Note that the conversion knowledge storing unit 106 may store a
plurality of different first conversion knowledge data.
[0103] The first conversion knowledge data shown in FIG. 13 is used
to generate the first search statement for searching the estimation
results storing unit 104 for an element corresponding to the label
contained in the search request, and has a description for this
purpose in the query language XQUERY. Note that the first search
statement to be generated is used to retrieve an element
corresponding to the label contained in the search request, and
"shop name" in commodity information having that element as a
search result. The first conversion knowledge data except for the
substitute character string is described in the predetermined query
language, and the first search statement is completed by
substituting the substitute character string by the input
label.
[0104] In the second conversion knowledge data shown in FIG. 14,
strings "##ROLE##", "##KEYWORD##", "##SHOP##", and "##PATH##" are
substitute character strings. These substitute character strings
are substituted according to the search request or pre-search
request in a sequence to be described later. As a result, a second
search statement described in the query language XQUERY is
generated. Note that the second search statement to be generated
contains an element corresponding to the label contained in the
search request, and is used to retrieve commodity information that
contains an element having the keyword contained in the search
request as an element value, and to obtain "shop name" and the
element value of the element corresponding to the label from the
retrieved commodity information as a search result.
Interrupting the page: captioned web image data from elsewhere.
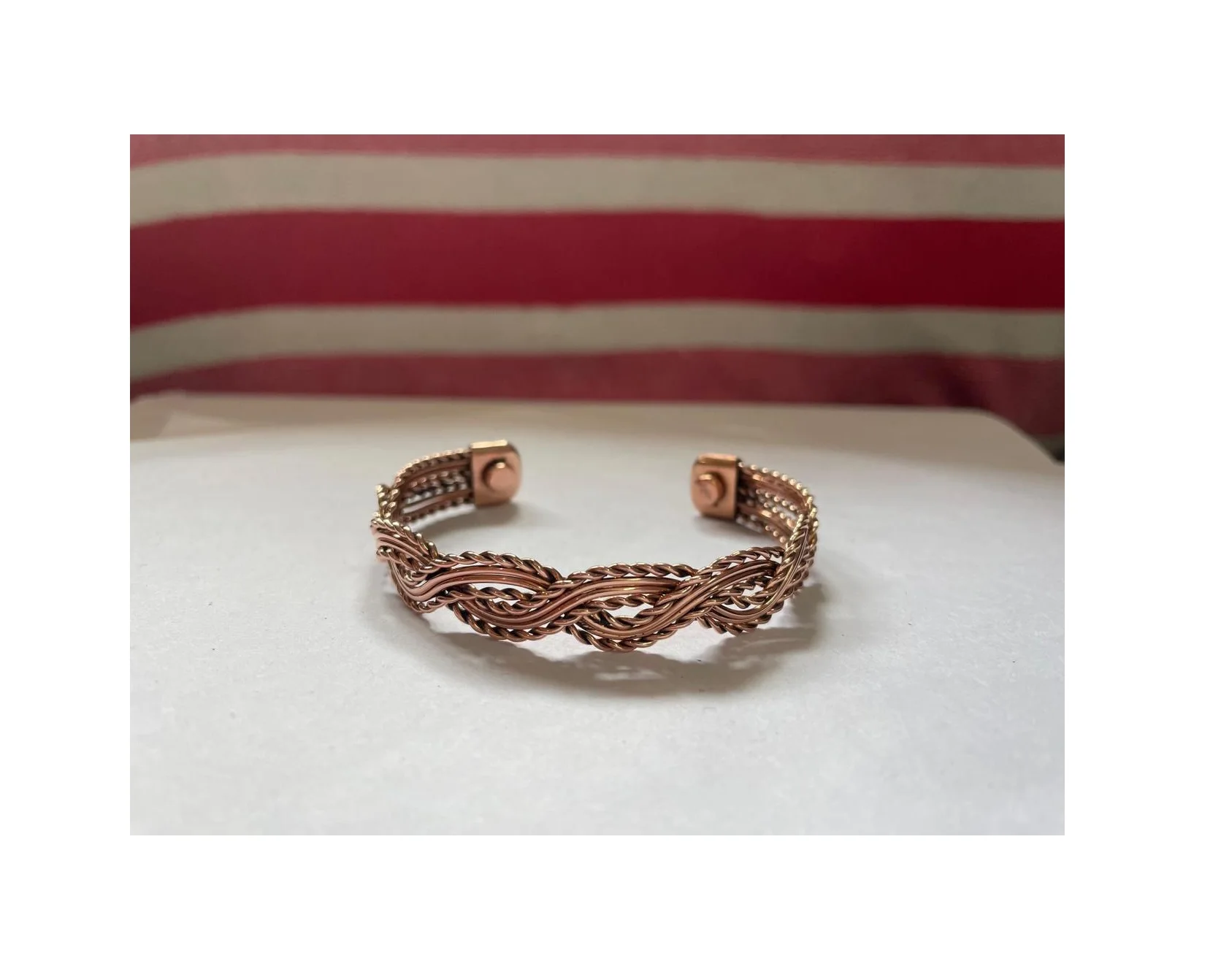 Black and Silver Stainless Iron Metal bangles fashion jewelry for woman and man use bangle cheap price from India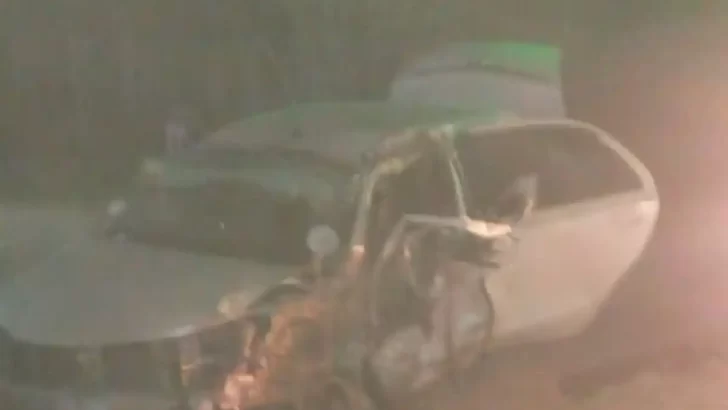 El choque entre una rastra cañera y un auto dejó una persona herida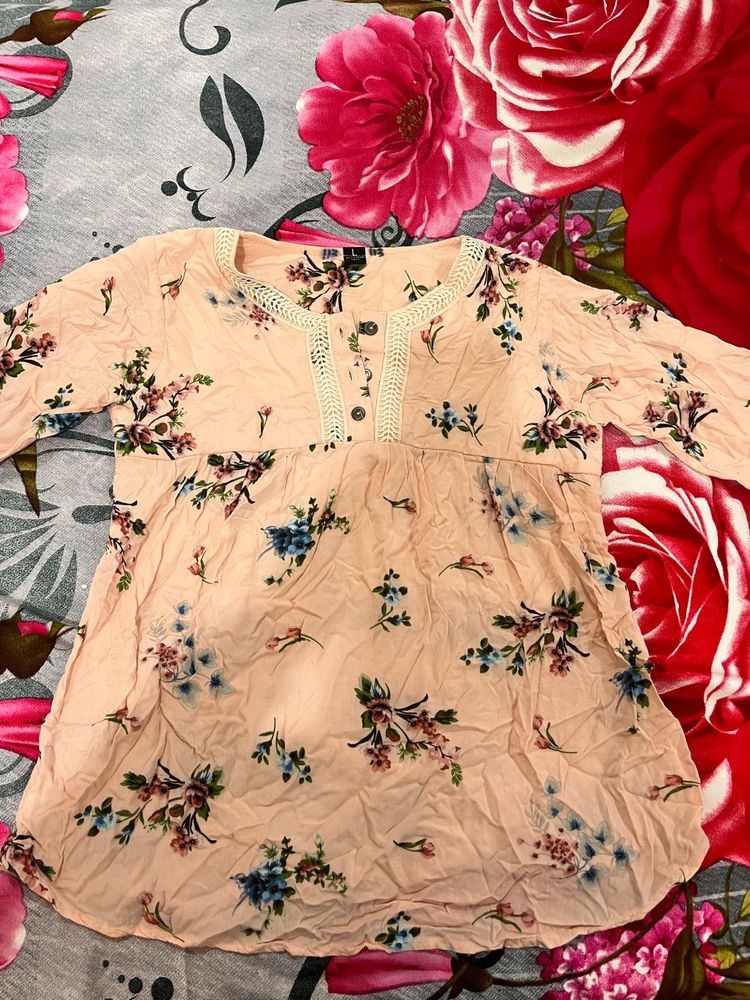 SALE🎀Floral Embroidered Top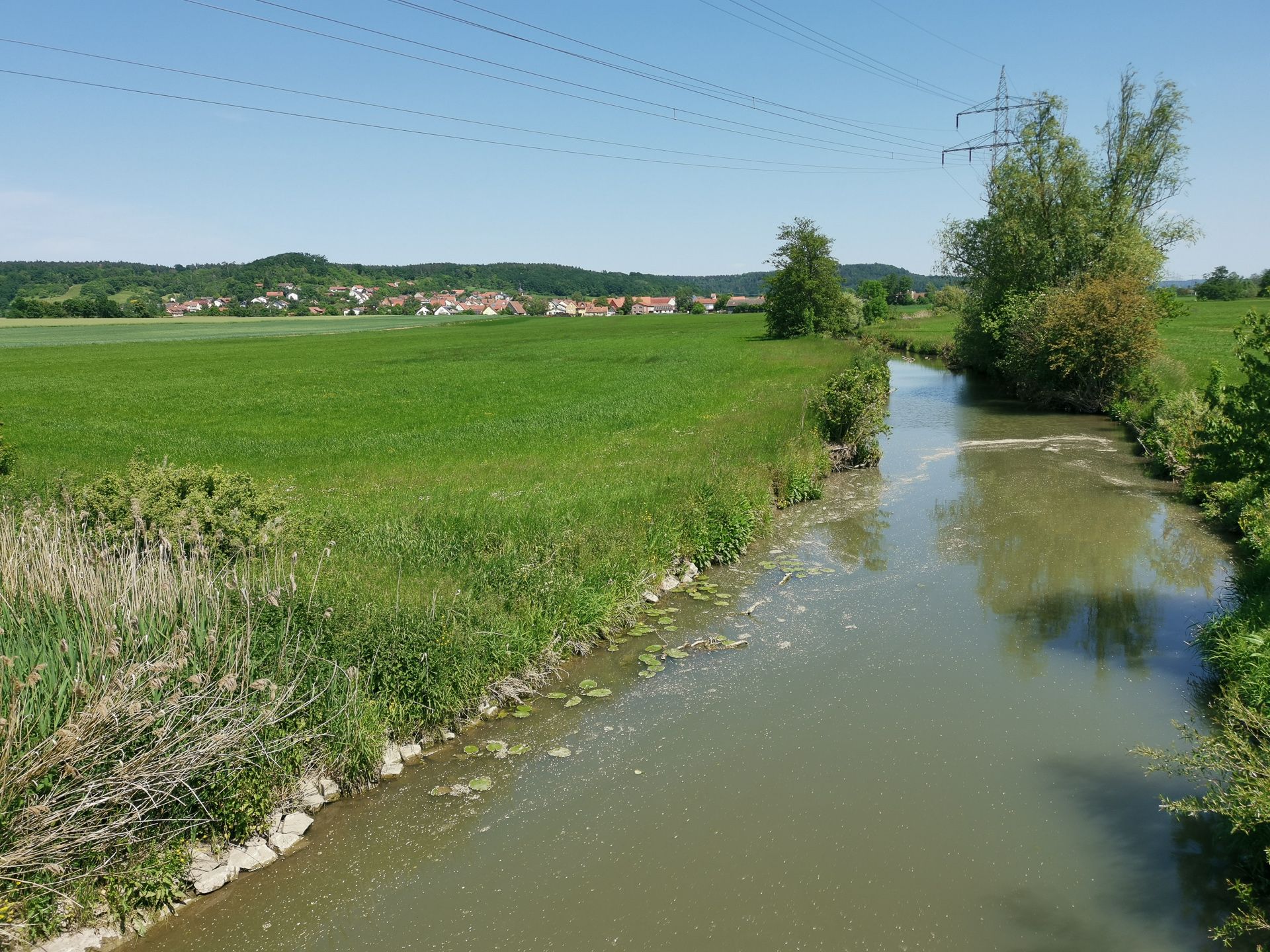 der Laimbach mit Blick auf Baudenbach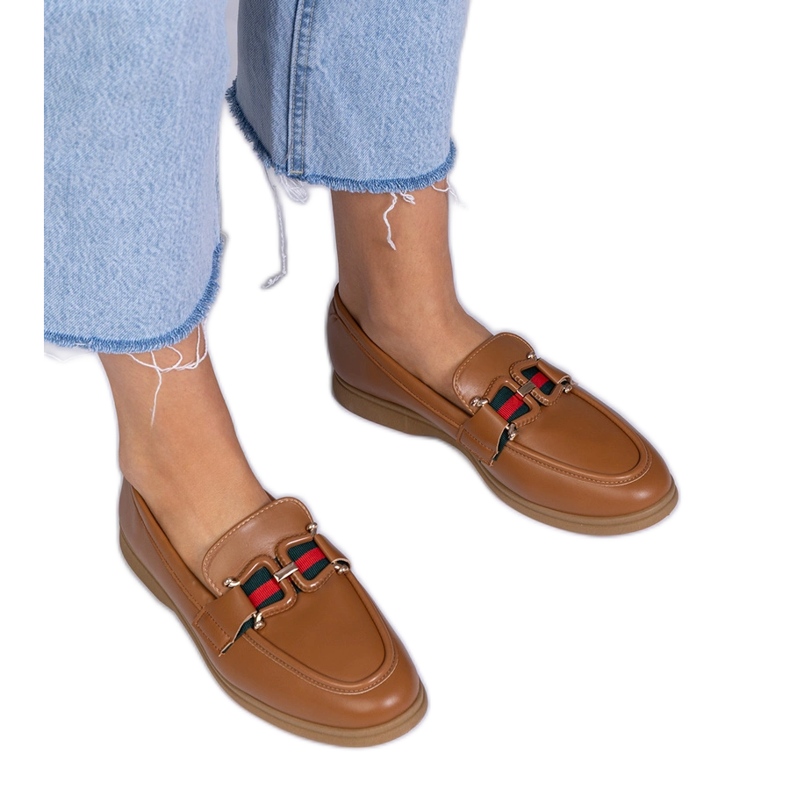 Hnědé mokasíny s ekologickou prací s ozdobou hnědý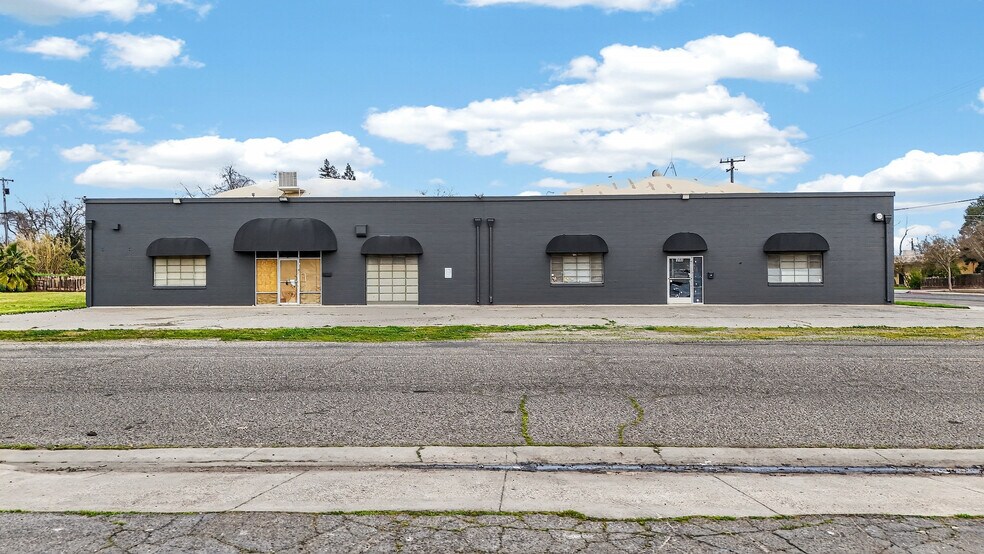 More Photos Of 1505-1507 W 18th St, Merced Warehouse For Lease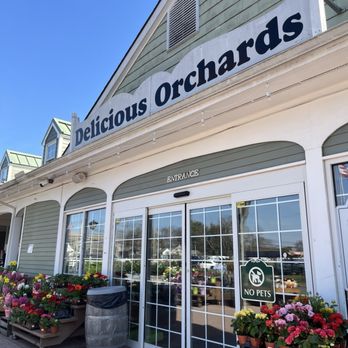 Delicious Orchards - Fruits & Veggies Near Me - Colts Neck, New Jersey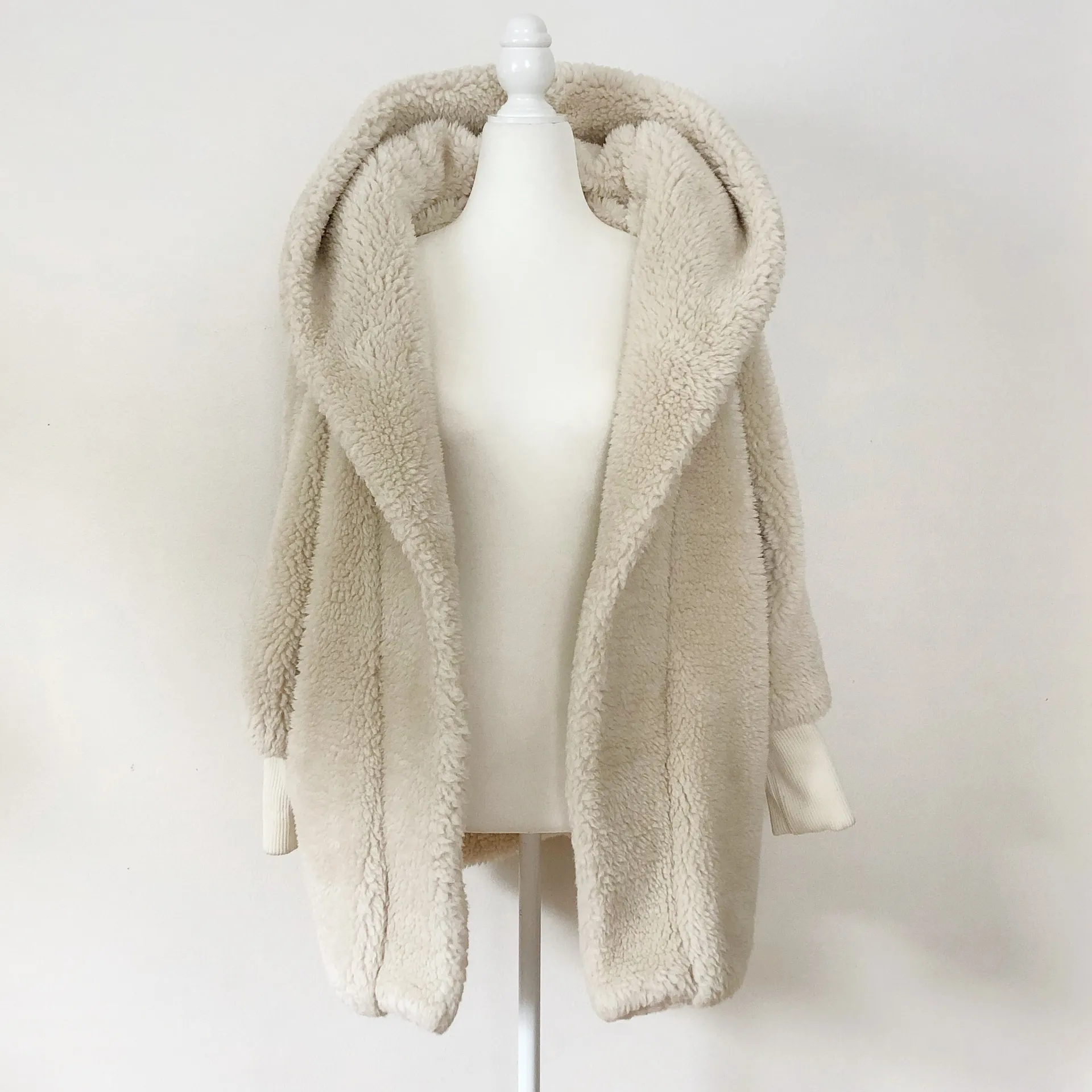 Blanc Teddy Coat - Image 4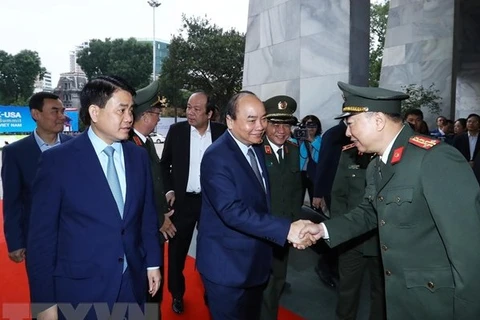 Thủ tướng Chính phủ Nguyễn Xuân Phúc đã trực tiếp kiểm tra Trung tâm báo chí và công tác chuẩn bị cho Hội nghị thượng đỉnh Hoa Kỳ-Triều Tiên lần hai. (Nguồn: TTXVN)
[0105] The second conversion knowledge data except for the
aforementioned substitute character strings is described in the
predetermined query language, and the second search statement is
completed by substituting the substitute character strings by the
label and keyword input by the user, and the shop name and tag name
obtained as the pre-search result.
[0106] In this embodiment, these substitute character strings are
used as reserved words. Of course, the expression method of
substitute character strings is not limited to such specific
example. For example, if a substitute character string is expressed
using escape characters which never appear in data, collision
between the reserved words and data can be avoided.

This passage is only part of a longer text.